Uno de los aspectos más reconocibles de su trabajo es el uso del color como materia cambiante. Sierra insiste en que el color no es el objetivo final, sino una herramienta para provocar una transformación visual y emocional en quien contempla la pieza. “Me interesa especialmente cuando empieza a disolverse, cuando parece desaparecer. Ahí la percepción del espectador se vuelve mucho más activa”, explica.

Esa búsqueda se traslada también a la forma en la que construye sus obras. El artista trabaja mediante series y fragmentaciones, creando sistemas compuestos por múltiples piezas con pequeñas variaciones entre sí. Esas diferencias generan, según describe, una “vibración perceptiva” que impide una lectura fija y obliga al espectador a completar constantemente la obra desde su propia experiencia.

En sus proyectos recientes, la relación con el espacio se ha convertido en una parte esencial del proceso creativo.
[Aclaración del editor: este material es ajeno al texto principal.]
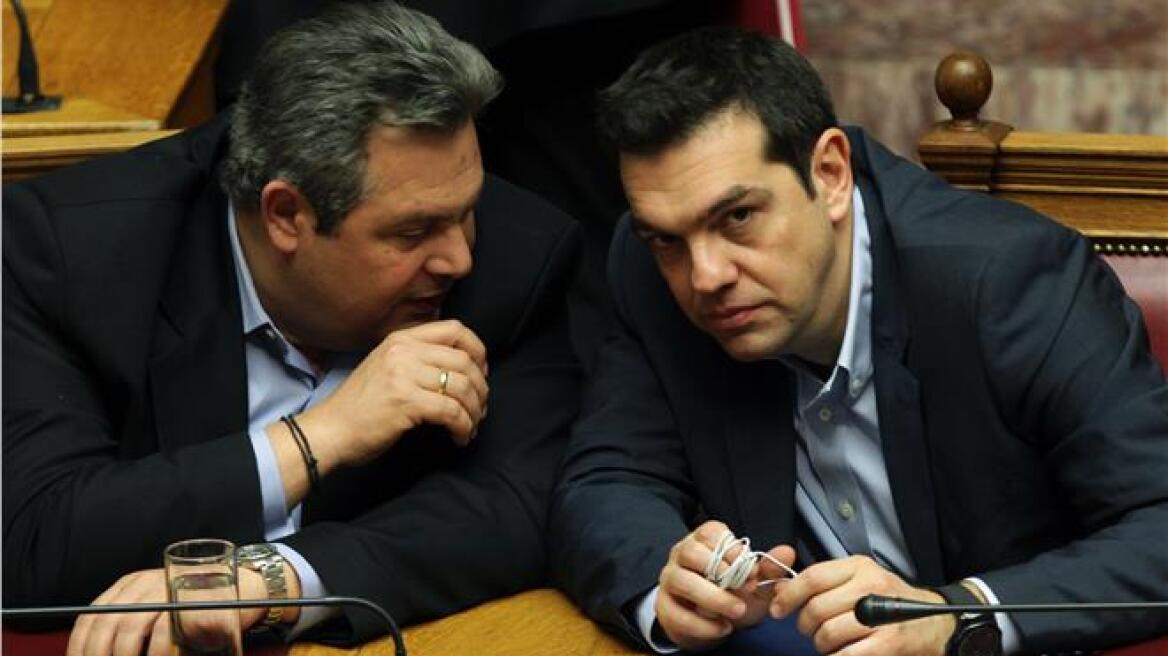 ΣΥΡΙΖΑ-ΑΝΕΛ: Χθες «σφάχτηκαν» και σήμερα μιλούν για «κλίμα εξαιρετικής συνεργασίας»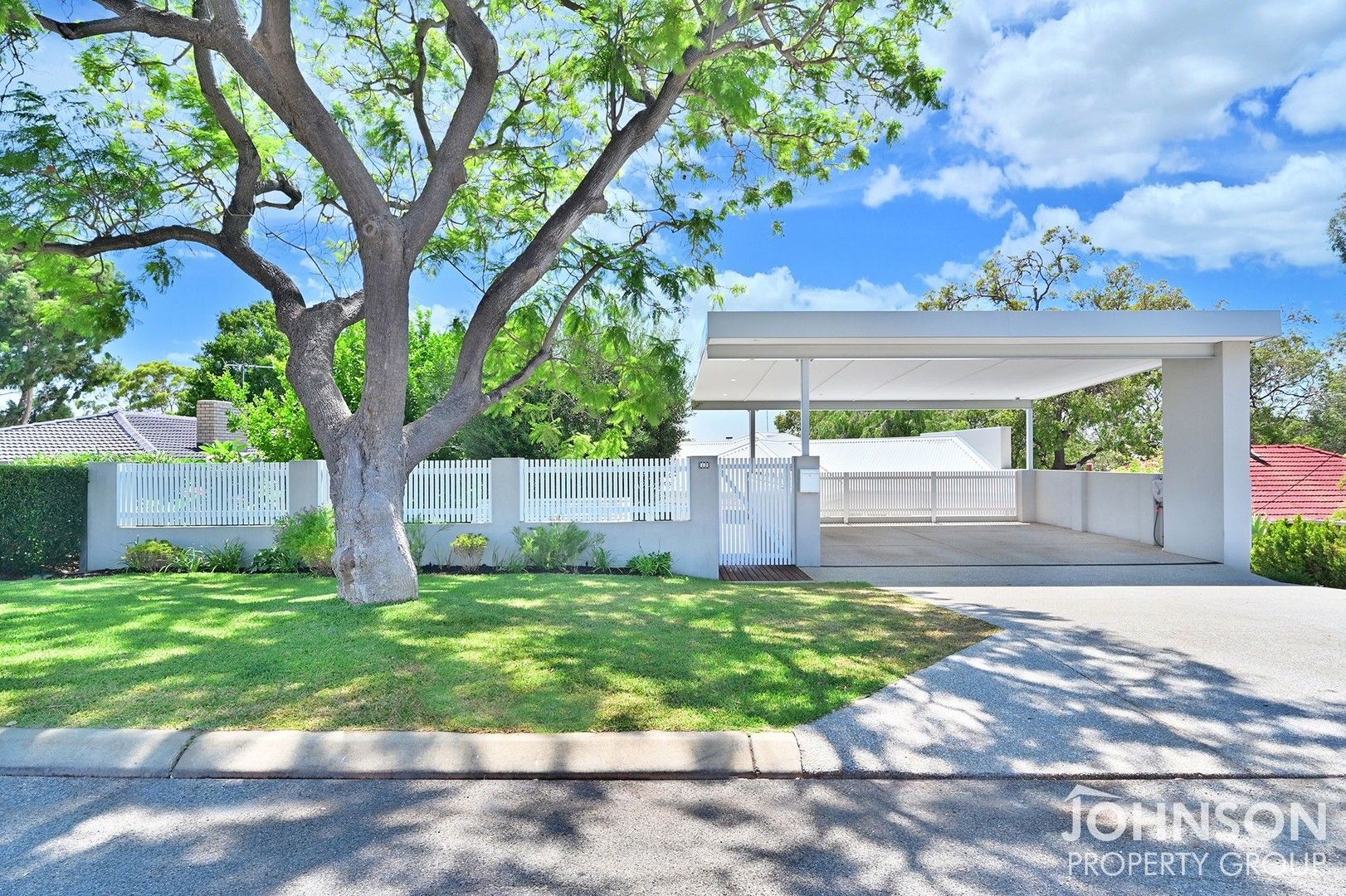 3 bedrooms House in 12 Panton Crescent KARRINYUP WA, 6018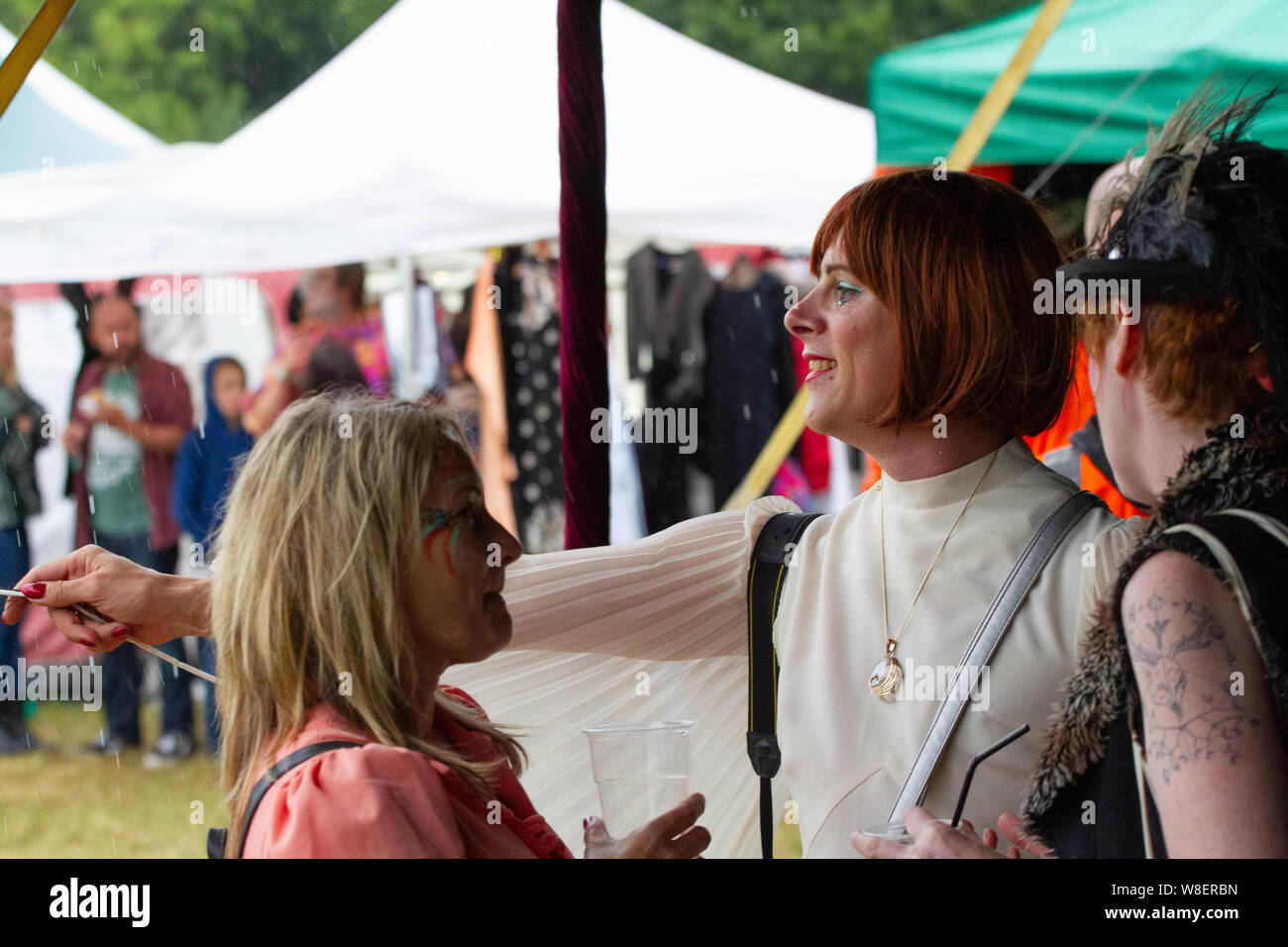 Crossdressed Mann im Maui Waui Festival in Suffolk. Stockfoto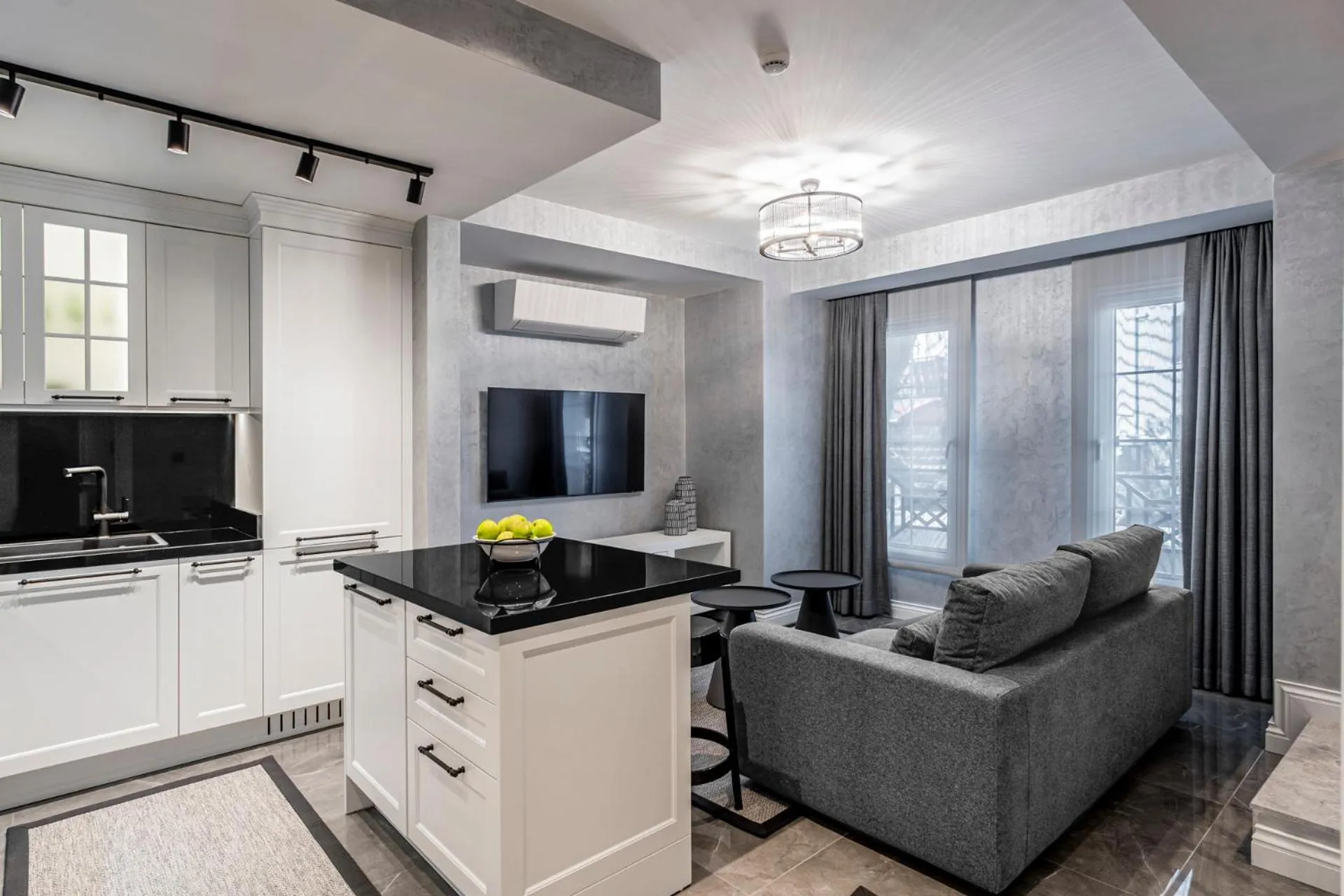 Ena Boutique Hotel & Residences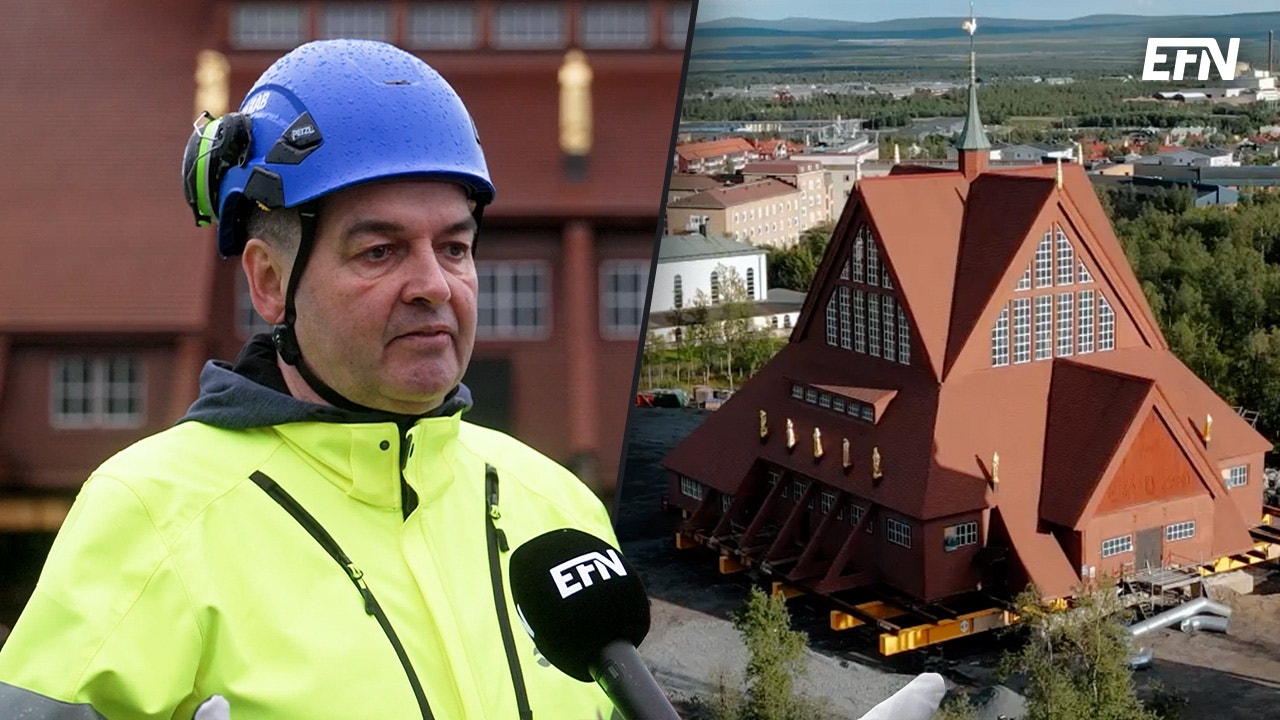 Stefan Holmblad Johansson bredvid kyrkan.
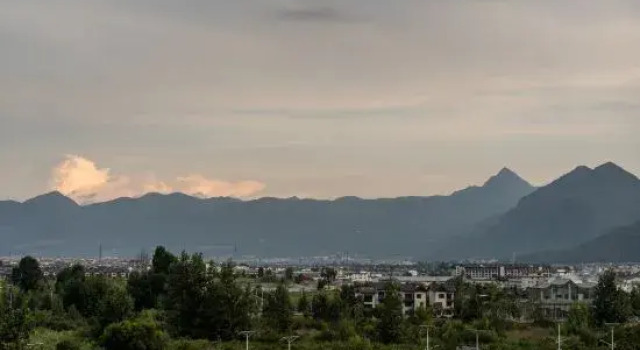 Puya Court · Snow Mountain View | Sky Garden Resort Homestay (Shuhe Ancient Town, Lijiang), Prenota Resort Hotel a Lijiang con parcheggio, Parcheggio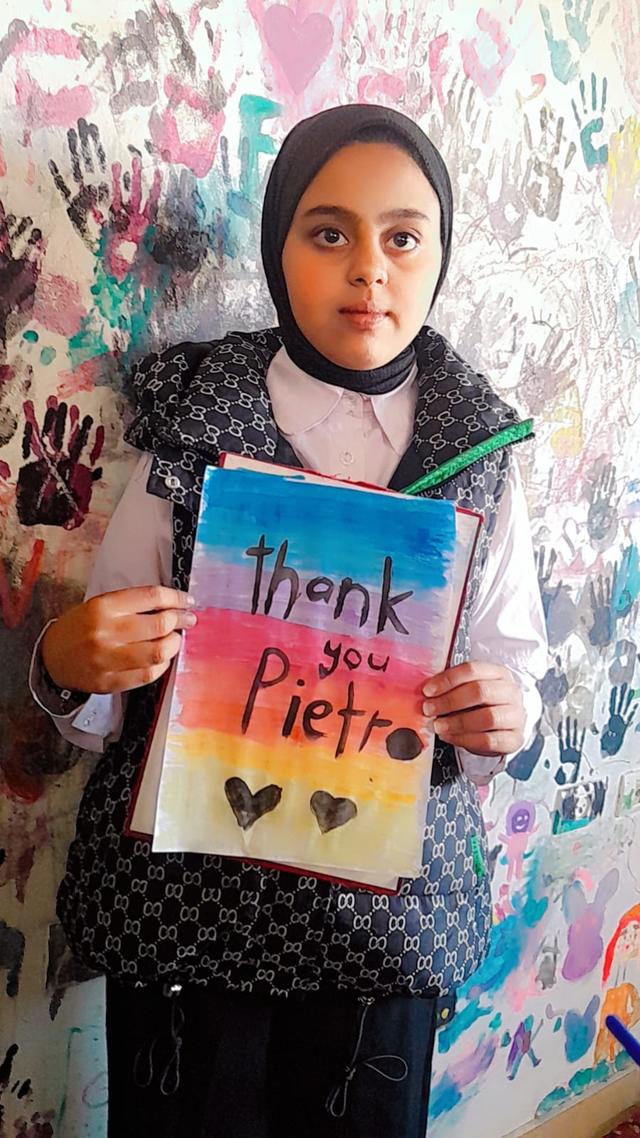 Una ragazza di Gaza con un cartello «Thank you Pietro»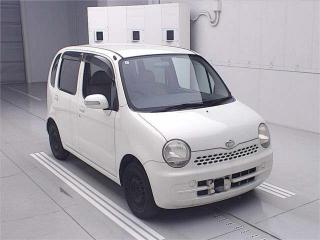 DAIHATSU MOVE LATTE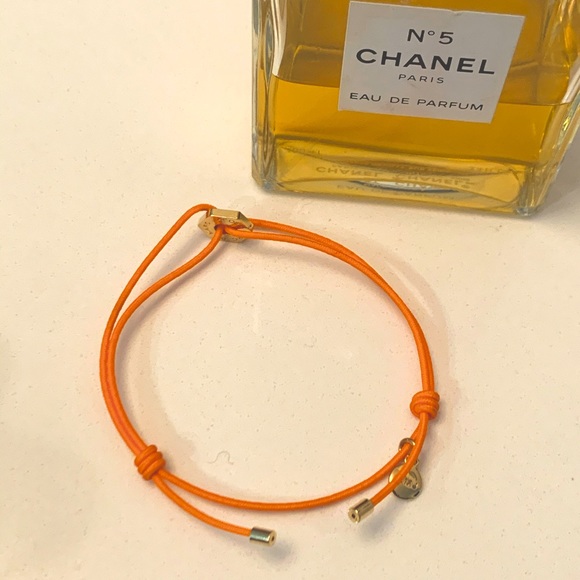 Marc by Marc Jacobs Friendship Bracelet - Gold + Tangerine - Picture 2 of 7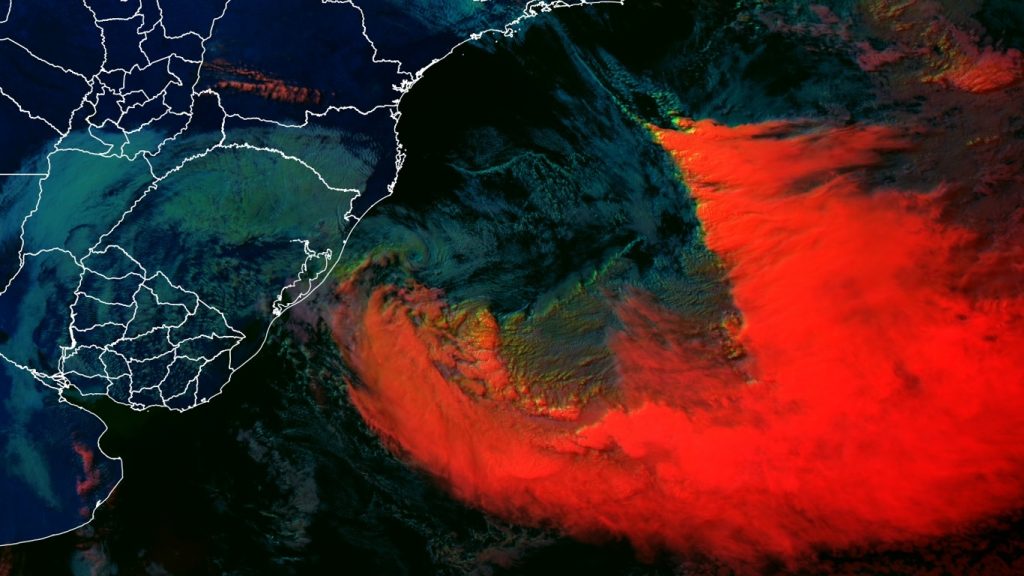Ciclone na costa ganha força e vai se afastar; saiba o que acontecerá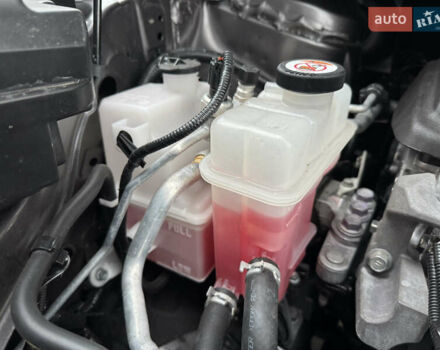 Серый Тойота Сиенна, объемом двигателя 2.5 л и пробегом 9 тыс. км за 47000 $, фото 83 на Automoto.ua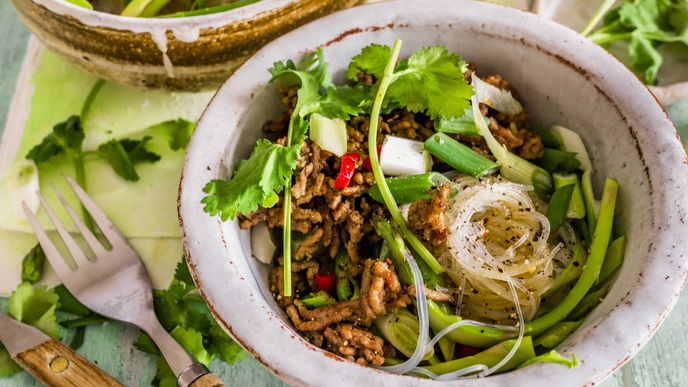 Asia-Salate: Unsere Top 3 Rezepte aus Fernost, die schnell und einfach zubereitet sind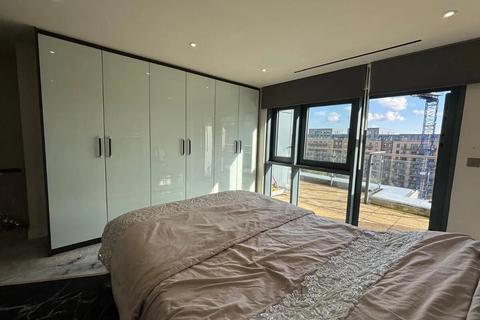 3 bedroom penthouse to rent, 1 Beaufort Square, London, NW9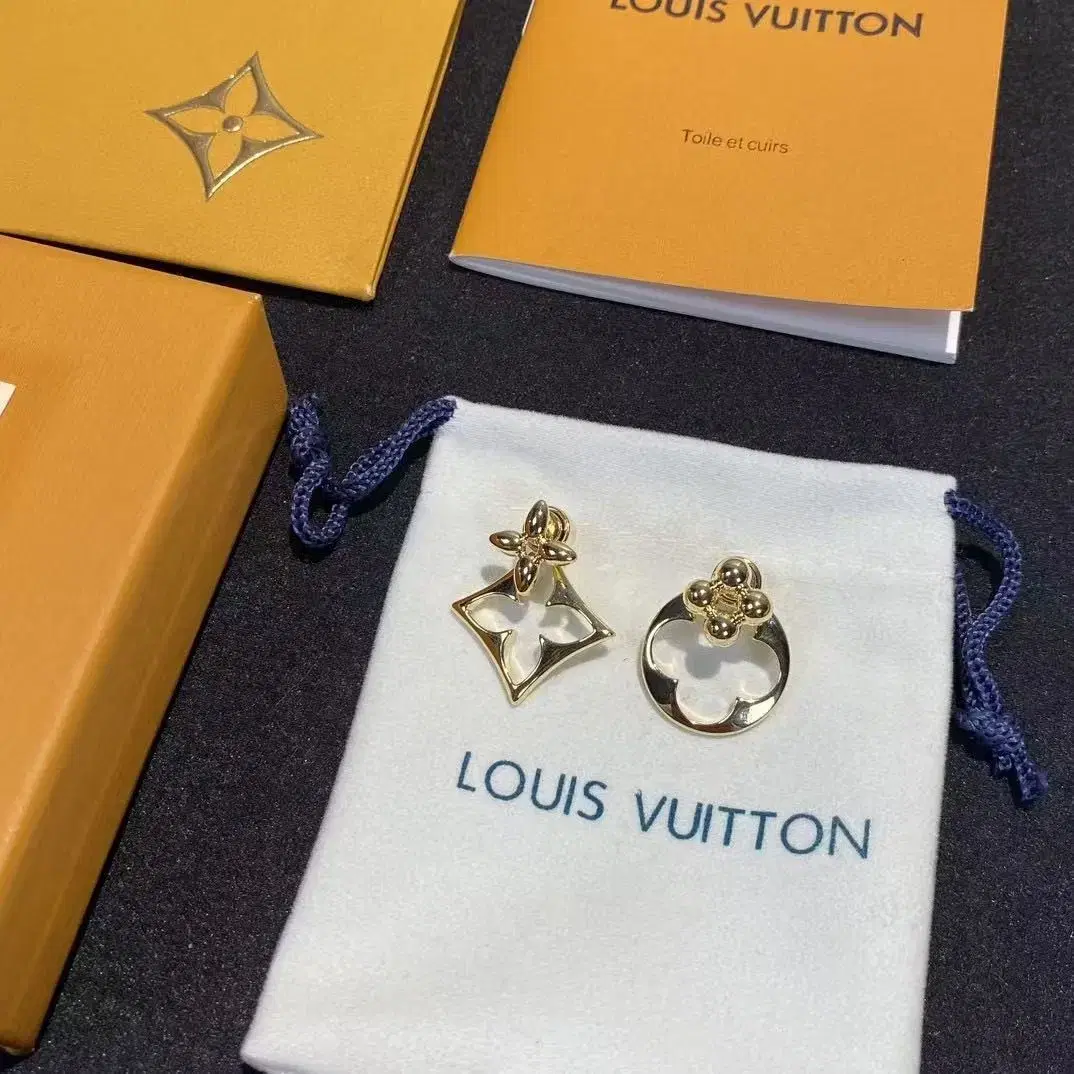 LOUIS VUITTON스터드 귀걸이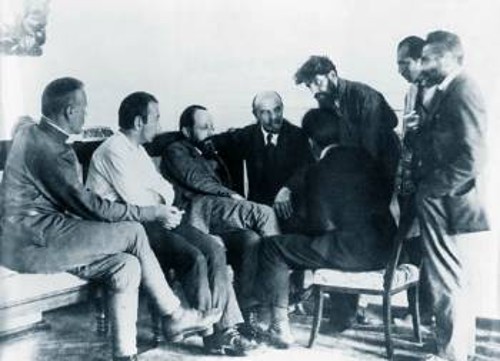 Κρεμλίνο 1920: Ο Λένιν συζητά με αντιπροσώπους του 2ου Συνεδρίου της Διεθνούς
Cada instalación se adapta al lugar donde será mostrada, utilizando la luz natural, las sombras y la disposición física de las piezas como elementos fundamentales. Actualmente desarrolla una investigación centrada en la transición del azul al blanco, una propuesta que próximamente presentará en Sevilla y donde la imagen se disuelve progresivamente hasta convertirse casi únicamente en luz.

Además de sus investigaciones más abstractas, Sierra también ha llevado su lenguaje artístico a proyectos vinculados con la tradición local. Uno de los más destacados es el cartel creado para una feria taurina de su tierra, donde decidió alejarse completamente de cualquier representación literal. En lugar de escenas figurativas, el artista optó por construir una atmósfera basada en círculos, tensiones cromáticas y movimientos inspirados en la energía del ruedo.

“El objetivo no era representar la tauromaquia directamente, sino dialogar con ella desde lo esencial: la tensión, el color, la espera y el movimiento”, afirma. La propuesta incluye además una intervención espacial dentro de la plaza, concebida como una instalación efímera que irá transformándose con la luz a lo largo del día y cuyos fragmentos podrán ser retirados por el propio público al finalizar el festejo.

Para Sierra, esa participación del espectador es indispensable. “La obra no está cerrada sin su presencia”, sostiene. Su trabajo, insiste, solo adquiere sentido completo cuando el visitante deja de limitarse a observar y comienza realmente a percibir. Es ahí, en esa relación entre tiempo, espacio, luz y mirada, donde ocurre todo.